▶ _Given information_:
------------------------------------------------------------------------

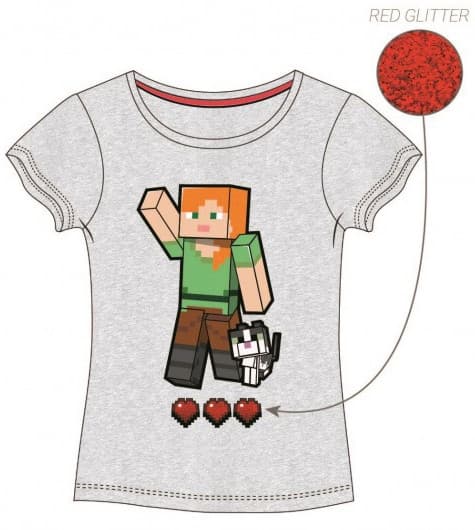 Minecraft T-shirt för Barn 6 år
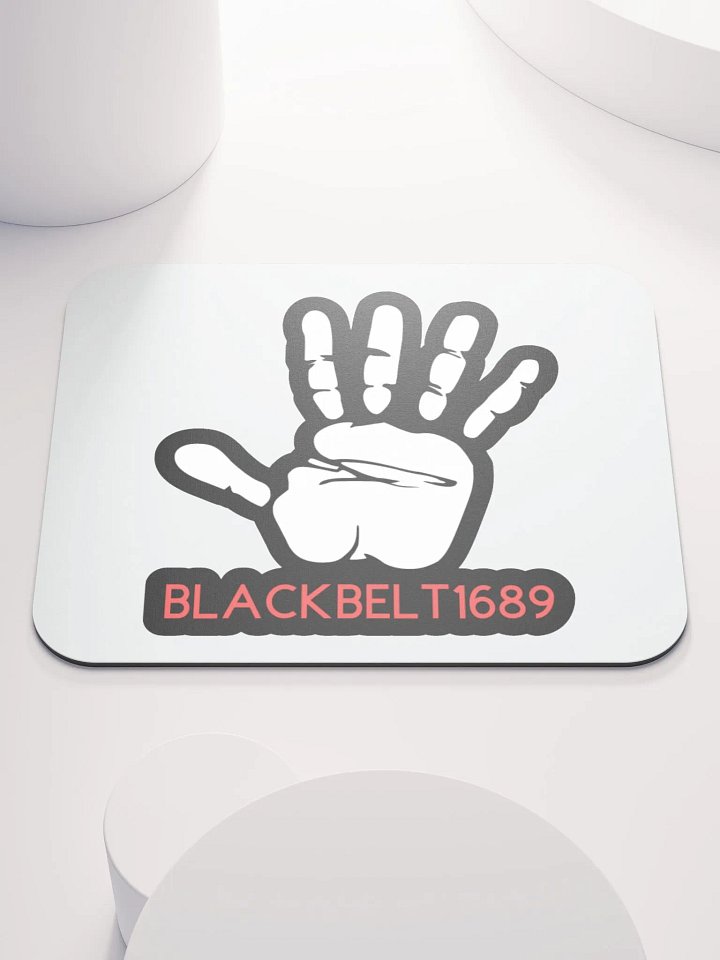 Blackbelt1689 Logo Mousepad product image (1)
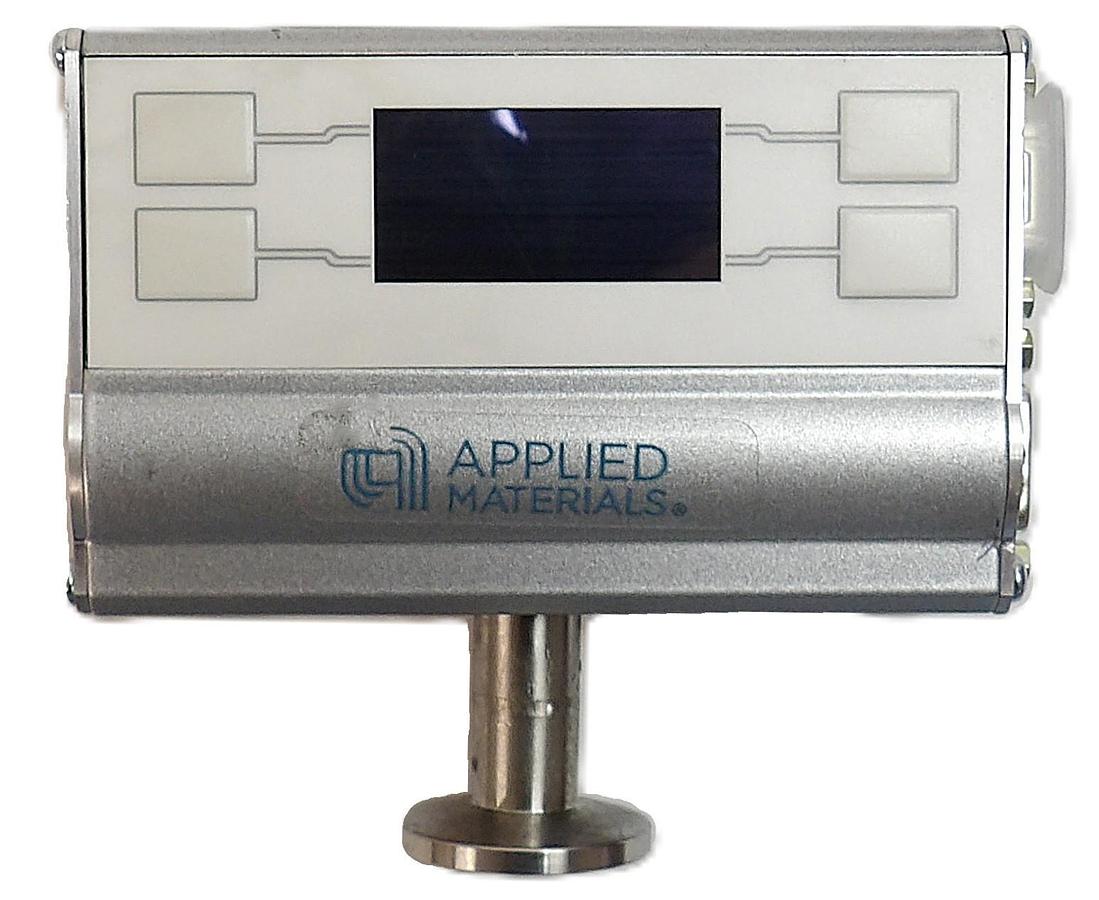 Used AMAT Applied Materials E33000849 Digital Pirani Vacuum Gauge Working Surplus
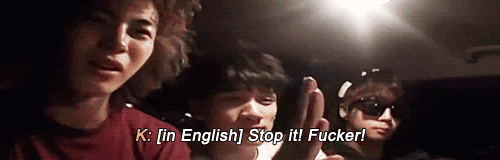  the member who has no qualms with swearing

------------------------------------------------------------------------

▶ _Task brief_: Leave out the pictures and give the rest of the material again, unaltered.

▶ _Answer for this exercise_:
 Minecraft T-shirt för Barn 6 år
 Blackbelt1689 Logo Mousepad product image (1)
 Used AMAT Applied Materials E33000849 Digital Pirani Vacuum Gauge Working Surplus
  the member who has no qualms with swearing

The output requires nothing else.